--- Working data Enclosed Below ---
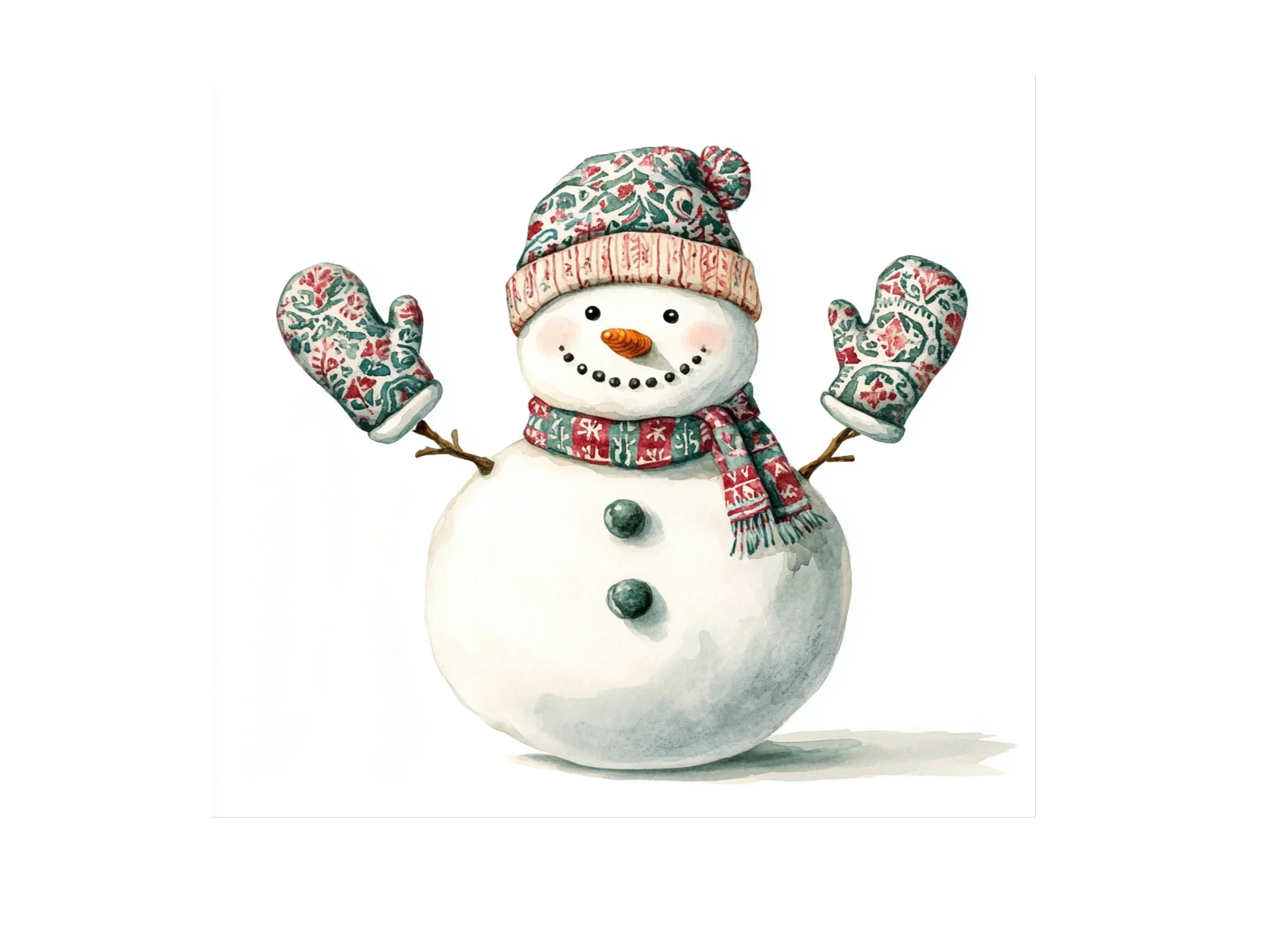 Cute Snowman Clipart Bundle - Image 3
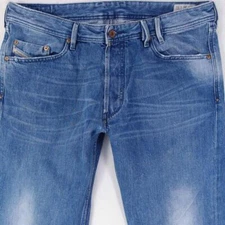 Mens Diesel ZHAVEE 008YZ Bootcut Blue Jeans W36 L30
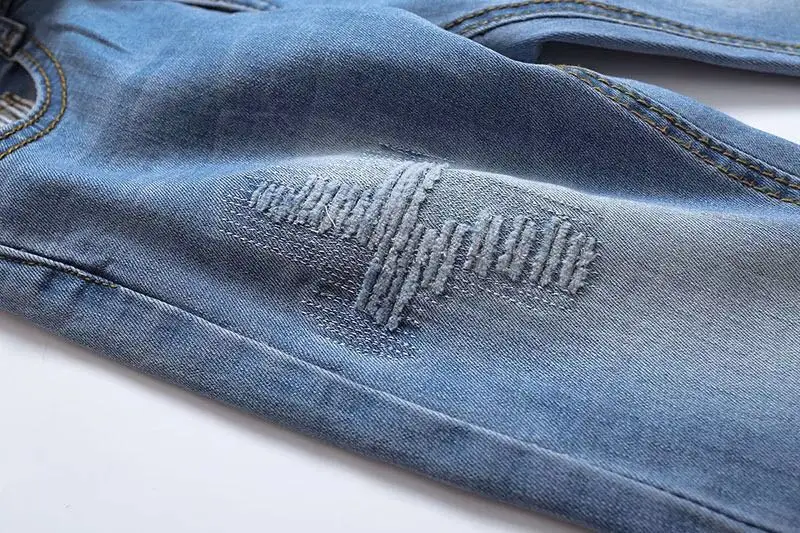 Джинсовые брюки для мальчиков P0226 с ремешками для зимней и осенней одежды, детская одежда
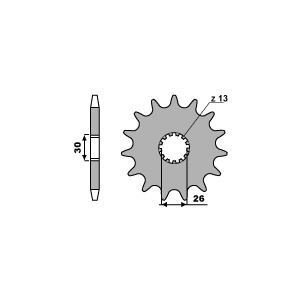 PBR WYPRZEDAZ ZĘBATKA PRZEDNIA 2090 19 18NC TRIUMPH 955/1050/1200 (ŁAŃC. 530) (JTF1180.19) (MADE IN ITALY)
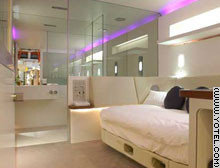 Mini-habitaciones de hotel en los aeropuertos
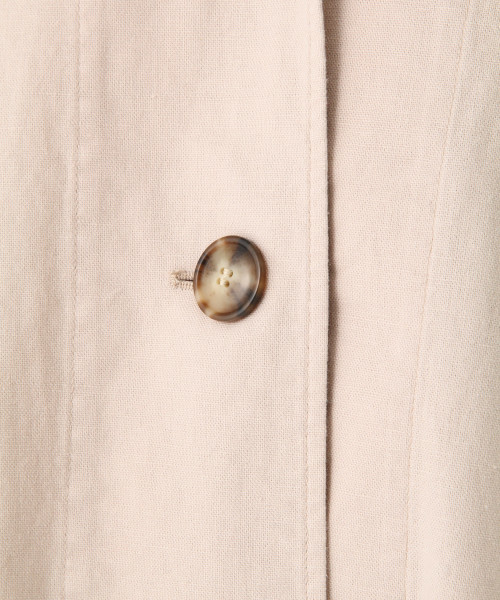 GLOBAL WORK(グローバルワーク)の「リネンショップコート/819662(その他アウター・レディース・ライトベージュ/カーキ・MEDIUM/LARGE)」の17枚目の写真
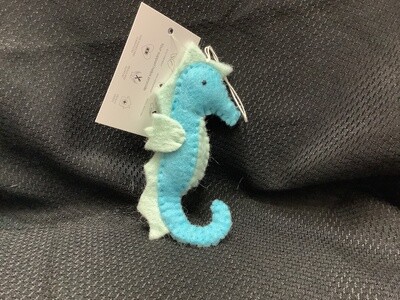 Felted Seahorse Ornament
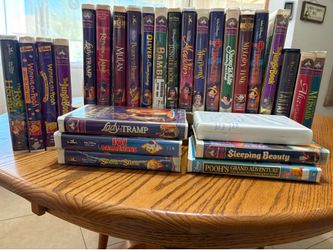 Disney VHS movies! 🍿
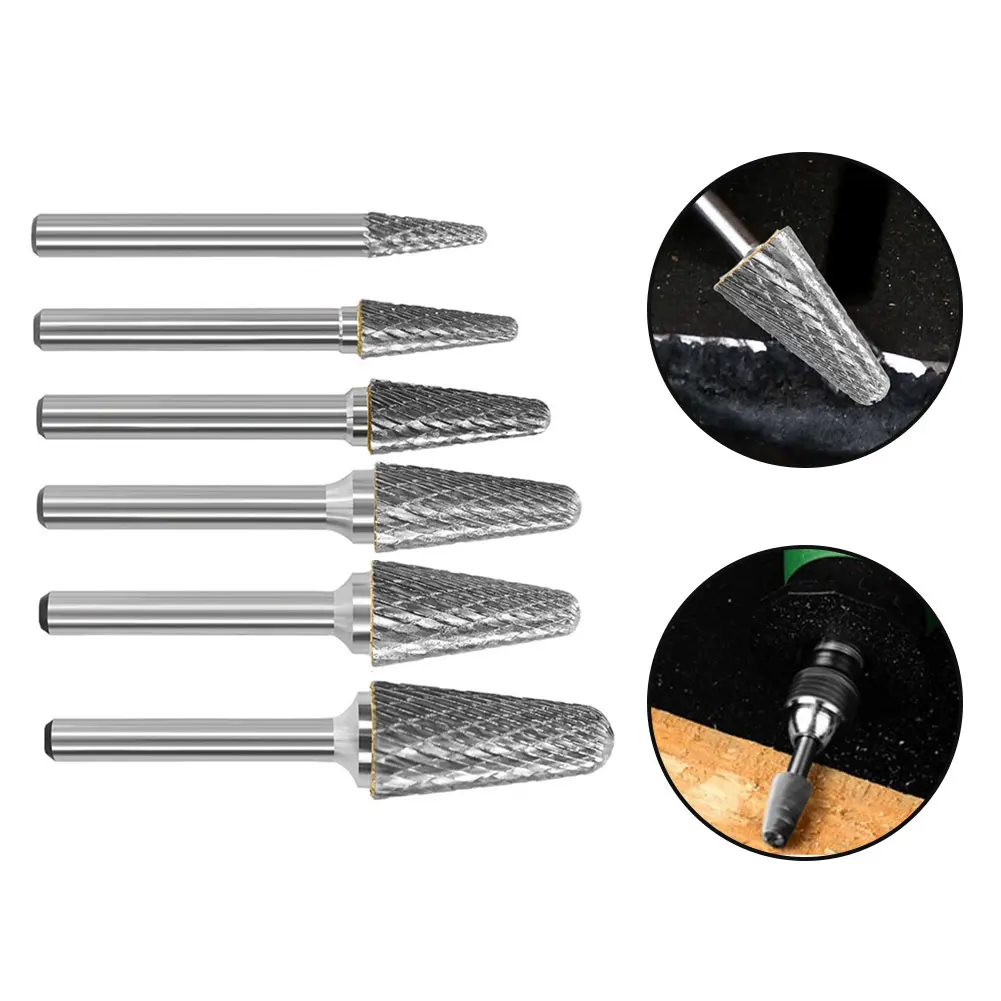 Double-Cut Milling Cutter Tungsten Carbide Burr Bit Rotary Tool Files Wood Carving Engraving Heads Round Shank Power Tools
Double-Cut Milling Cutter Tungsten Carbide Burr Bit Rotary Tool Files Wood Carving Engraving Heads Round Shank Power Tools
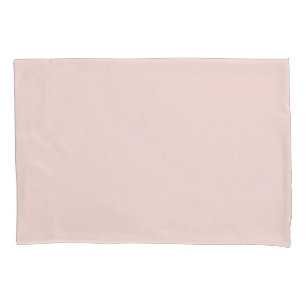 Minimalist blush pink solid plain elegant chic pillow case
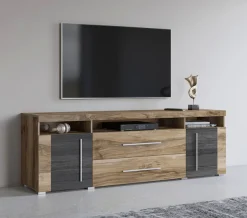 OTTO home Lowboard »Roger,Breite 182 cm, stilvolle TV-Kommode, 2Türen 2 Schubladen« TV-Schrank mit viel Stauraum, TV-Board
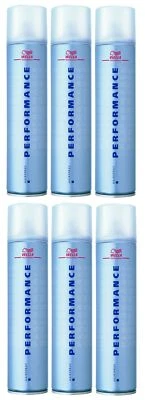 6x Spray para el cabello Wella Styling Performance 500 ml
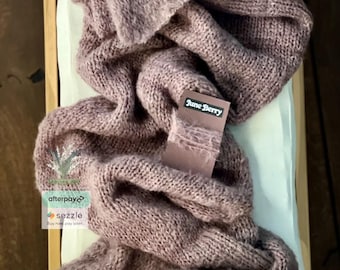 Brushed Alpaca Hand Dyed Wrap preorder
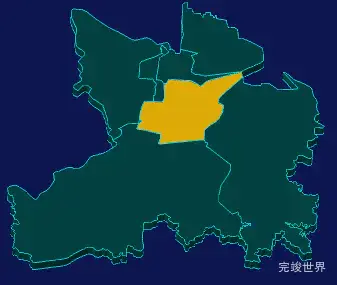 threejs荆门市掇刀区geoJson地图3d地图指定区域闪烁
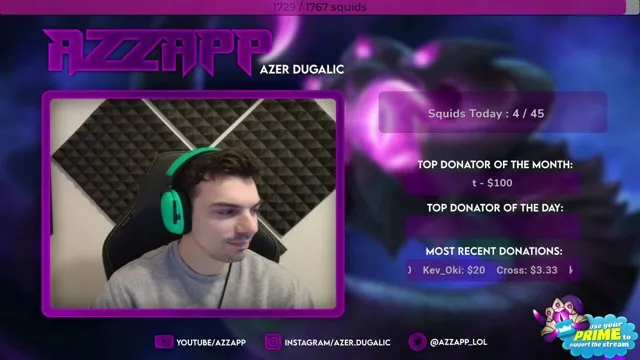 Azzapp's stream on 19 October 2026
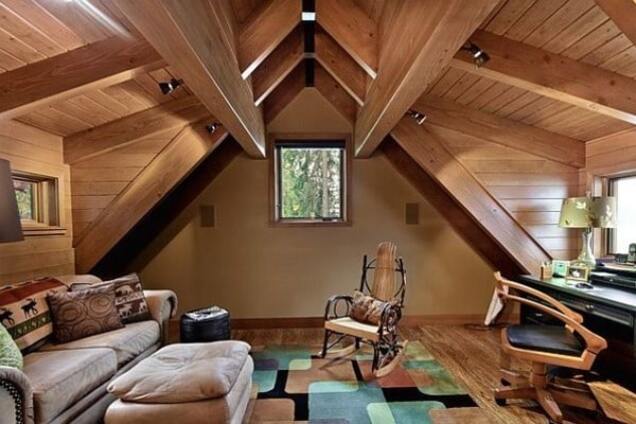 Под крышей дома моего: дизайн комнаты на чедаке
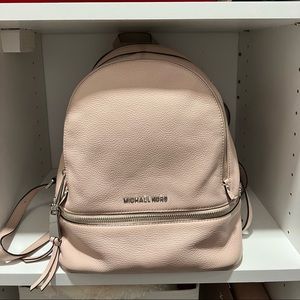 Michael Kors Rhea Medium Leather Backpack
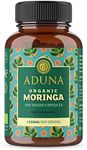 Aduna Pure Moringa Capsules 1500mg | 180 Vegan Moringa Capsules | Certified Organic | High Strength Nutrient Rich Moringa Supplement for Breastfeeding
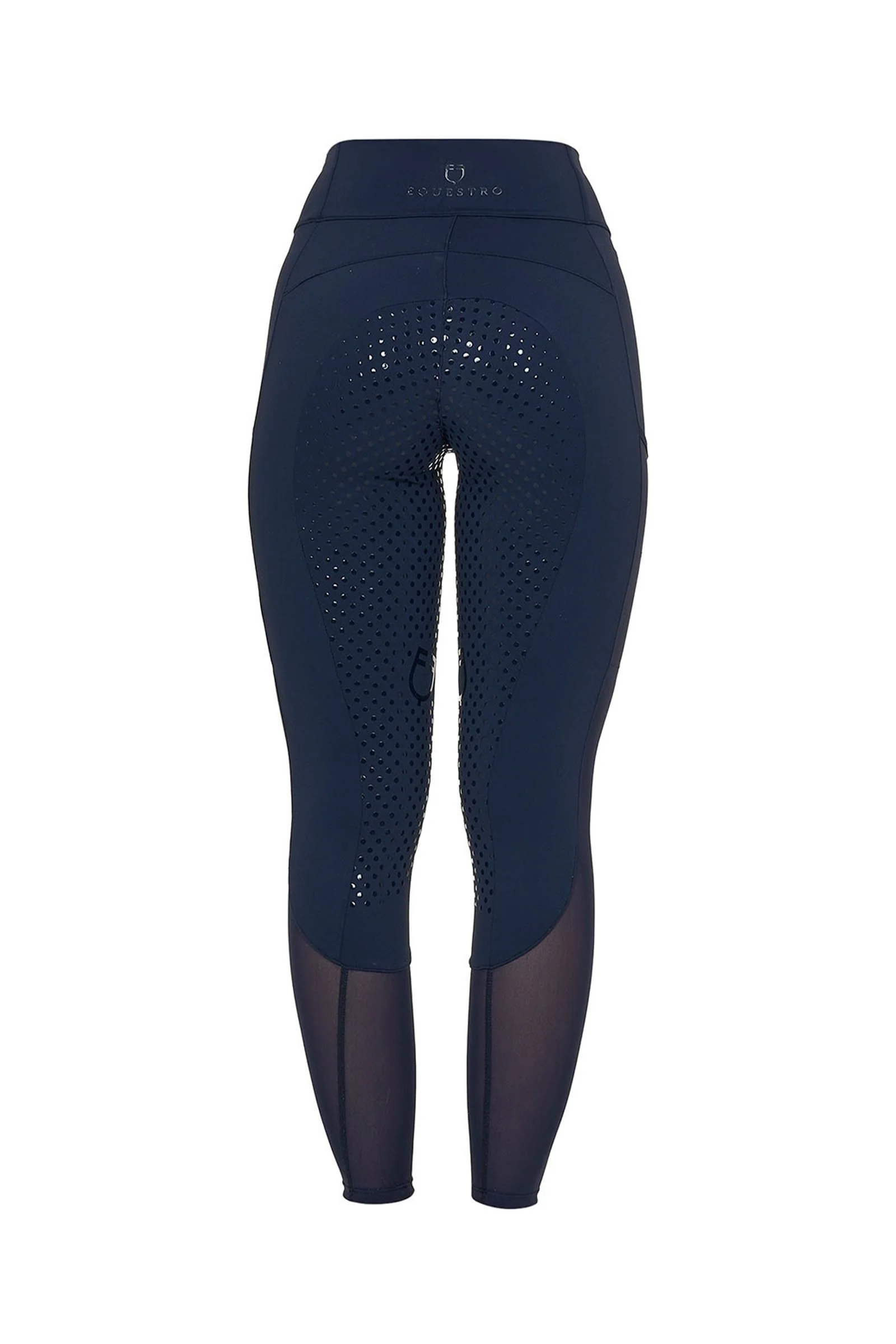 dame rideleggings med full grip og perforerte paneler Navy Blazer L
--- End of Enclosed Working data ---
__What you have to do__.
Could the listing above be printed again in full, with every picture omitted?

__Exercise result__.
 Cute Snowman Clipart Bundle - Image 3
 Mens Diesel ZHAVEE 008YZ Bootcut Blue Jeans W36 L30
 Джинсовые брюки для мальчиков P0226 с ремешками для зимней и осенней одежды, детская одежда
 PBR WYPRZEDAZ ZĘBATKA PRZEDNIA 2090 19 18NC TRIUMPH 955/1050/1200 (ŁAŃC. 530) (JTF1180.19) (MADE IN ITALY)
 Mini-habitaciones de hotel en los aeropuertos
 GLOBAL WORK(グローバルワーク)の「リネンショップコート/819662(その他アウター・レディース・ライトベージュ/カーキ・MEDIUM/LARGE)」の17枚目の写真
 Felted Seahorse Ornament
 Disney VHS movies! 🍿
 Double-Cut Milling Cutter Tungsten Carbide Burr Bit Rotary Tool Files Wood Carving Engraving Heads Round Shank Power Tools
Double-Cut Milling Cutter Tungsten Carbide Burr Bit Rotary Tool Files Wood Carving Engraving Heads Round Shank Power Tools
 Minimalist blush pink solid plain elegant chic pillow case
 OTTO home Lowboard »Roger,Breite 182 cm, stilvolle TV-Kommode, 2Türen 2 Schubladen« TV-Schrank mit viel Stauraum, TV-Board
 6x Spray para el cabello Wella Styling Performance 500 ml
 Brushed Alpaca Hand Dyed Wrap preorder
 threejs荆门市掇刀区geoJson地图3d地图指定区域闪烁
 Azzapp's stream on 19 October 2026
 Под крышей дома моего: дизайн комнаты на чедаке
 Michael Kors Rhea Medium Leather Backpack
 Aduna Pure Moringa Capsules 1500mg | 180 Vegan Moringa Capsules | Certified Organic | High Strength Nutrient Rich Moringa Supplement for Breastfeeding
 dame rideleggings med full grip og perforerte paneler Navy Blazer L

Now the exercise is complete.